Unlike his predecessor as my flatmate. Alan Park was a fantastic photographer and a great drinking partner. We shared too many scrapes to remember, and some which can never be written down. As far as I know he’s still around. I tend to bump into him unexpectedly. Last time was at Hull City. Like many photographers who had spent far too many afternoons sitting behind the goal getting freezing and soaked he hated football, yet there he was as a paying fan.
Parky chronicled some of the more bizarre jobs and was prone to random acts of daftness. Instead of signing in at work as “Alan Park, Pics”, he once wrote “Alan Pork, Pigs”. I suspect it was after a job we did at Bishop Burton College.
As flatmates we were selected to go to Albert Dock early one morning to cover the departure of the Otago Galliard, renamed after being sold to a firm in New Zealand and about to set off on a long voyage to the new owners. If we look fed up it’s because we parked up at about 5am, with the Galliard and the Otago Buccaneer due to sail at six but with no sign of life.
After a bit of shouting we managed to rouse the one crew member aboard.

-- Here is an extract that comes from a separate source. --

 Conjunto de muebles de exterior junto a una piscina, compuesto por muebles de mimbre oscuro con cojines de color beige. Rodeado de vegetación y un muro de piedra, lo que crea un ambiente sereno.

Yes, he said. Both ships were definitely still on to sail at 6am. Tomorrow. We’d been given the wrong day by the shipping correspondent, Bob Wellings, but he was a legend so we forgave him.
And as with anything else your luck evens itself out if you work hard and are resourceful. At the Yorkshire Post, Terry Carrott and I found ourselves needing to get three picture stores in the bag before lunch so we could get over to a meeting at head office in Leeds.

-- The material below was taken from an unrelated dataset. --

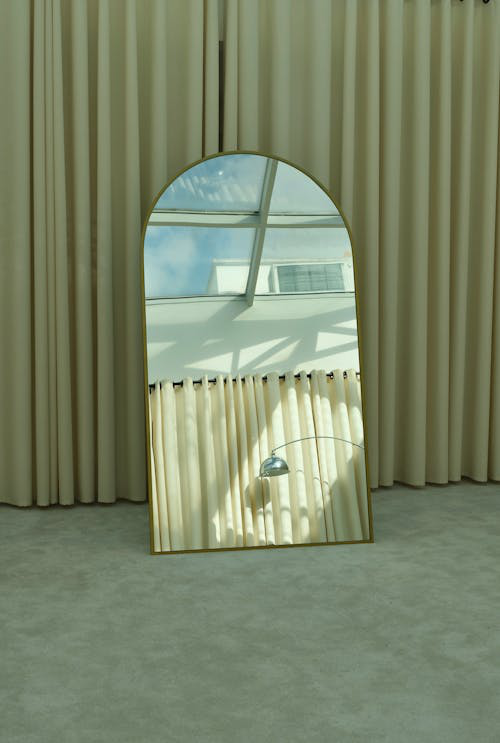 A mirror reflecting the light from a skylight creating a bright and airy atmosphere in the room.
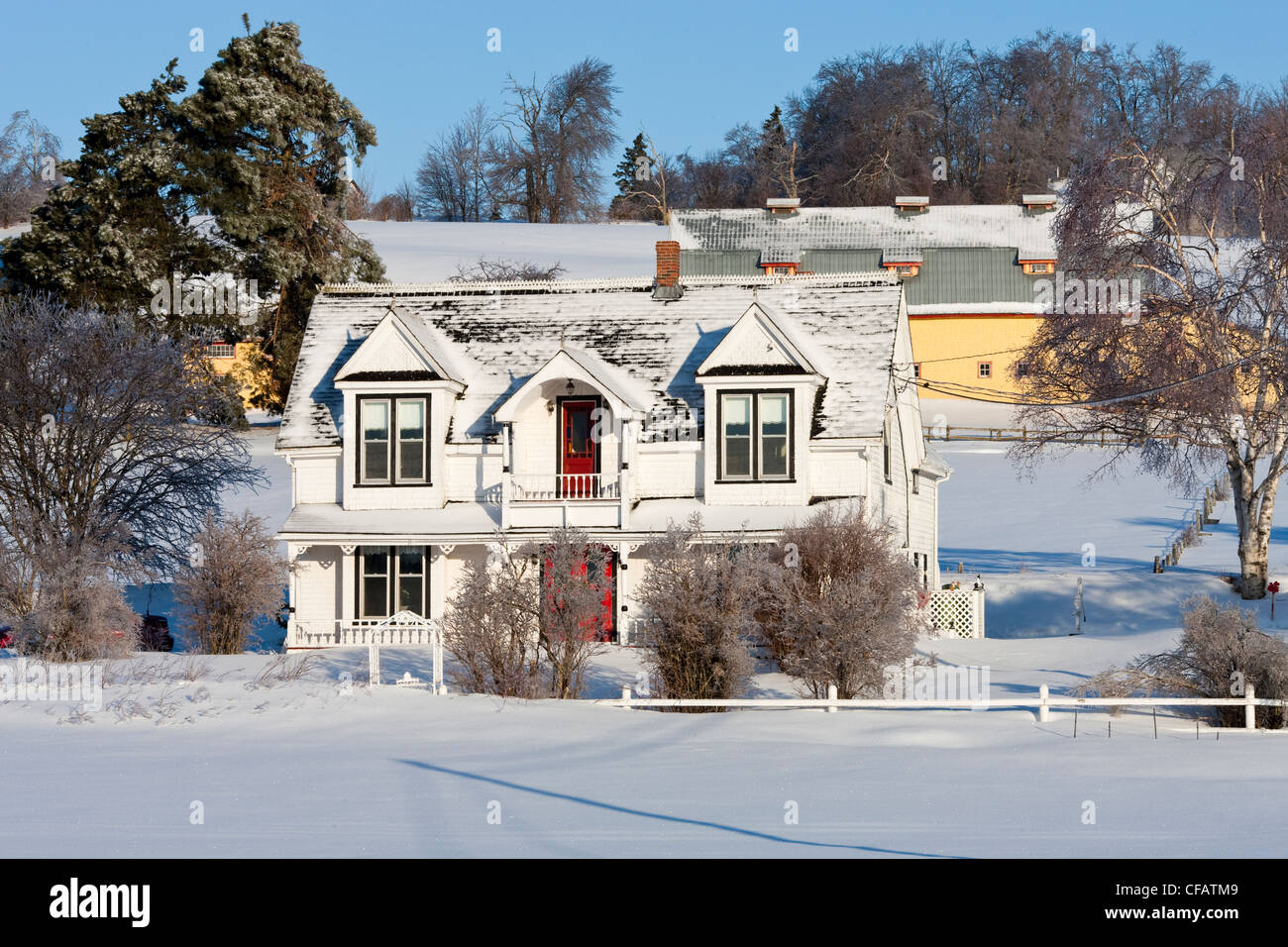 White house in the winter snow, Prince Edward Island, Canada. Stock Photo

Our fallback in such situations was always a museum or gallery and sure enough we picked up a nice story from the Town Docks Museum. As smoker at the time I decided a cigarette might bring inspiration so went to buy some and spotted a protest notice in the window of the tobacconists next to the Ferens. They’d received a water bill even though they didn’t have a water supply. Good story.
As we stood in Queen Victoria Square, scratching our heads to come up with a third story we were joined by Tony Baynes, a freelance who occasionally covered for Terry, and memorably when the arrival of Harvey Proctor for a University of Hull speaking engagement prompted angry protests which ended with students being injured as the MP’s driver panicked and reversed into a crowd.

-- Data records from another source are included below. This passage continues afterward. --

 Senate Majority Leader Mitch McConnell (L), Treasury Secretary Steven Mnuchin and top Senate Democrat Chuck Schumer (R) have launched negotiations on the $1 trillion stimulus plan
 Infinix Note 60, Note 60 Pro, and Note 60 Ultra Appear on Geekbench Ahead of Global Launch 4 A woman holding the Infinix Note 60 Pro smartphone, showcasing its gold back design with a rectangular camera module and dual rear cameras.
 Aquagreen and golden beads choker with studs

Tony, laden down with more cameras and lenses than Hilton’s front window, looked surprised and asked us how on earth we’d heard about the story. We had no idea what he was on about but played along to find out.
A helicopter appeared. I don’t recall where it landed but a few minutes later Annabel Croft came running round the corner, filming Treasure Hunt, in Hull, on her birthday. Three stories in less than an hour. Thanks Tony, thanks Annabel. Game, set and match!
It’s 40 years this year since Phil Ascough, our most prolific freelance contributor, arrived in Hull to begin a new episode in his journalistic career. Having spent two years on the weekly Doncaster Gazette, Phil headed east to the Hull Daily Mail. Apart from three years on the Royal Gazette in Bermuda and a short spell at the Teesside Gazette, he’s been here ever since. He worked for the Yorkshire Post and the BBC before returning to the Mail and becoming business editor. He moved into sports media with the Press Association in Leeds and then Howden, and set up his own PR consultancy in 2010. To mark the anniversary he has set out to write 40 essays looking at his career, our city and its people.